What you should do: Return every line from the listing where the word "фото" occurs.

Input material:
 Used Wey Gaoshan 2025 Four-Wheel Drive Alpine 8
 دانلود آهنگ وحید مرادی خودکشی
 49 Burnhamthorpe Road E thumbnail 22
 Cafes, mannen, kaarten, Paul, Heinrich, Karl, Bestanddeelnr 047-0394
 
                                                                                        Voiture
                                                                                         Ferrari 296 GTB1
* * *
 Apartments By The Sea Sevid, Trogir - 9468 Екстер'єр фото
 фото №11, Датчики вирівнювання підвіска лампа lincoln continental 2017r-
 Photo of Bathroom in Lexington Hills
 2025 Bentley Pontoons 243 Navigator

Answer for the task:
 Apartments By The Sea Sevid, Trogir - 9468 Екстер'єр фото
 фото №11, Датчики вирівнювання підвіска лампа lincoln continental 2017r-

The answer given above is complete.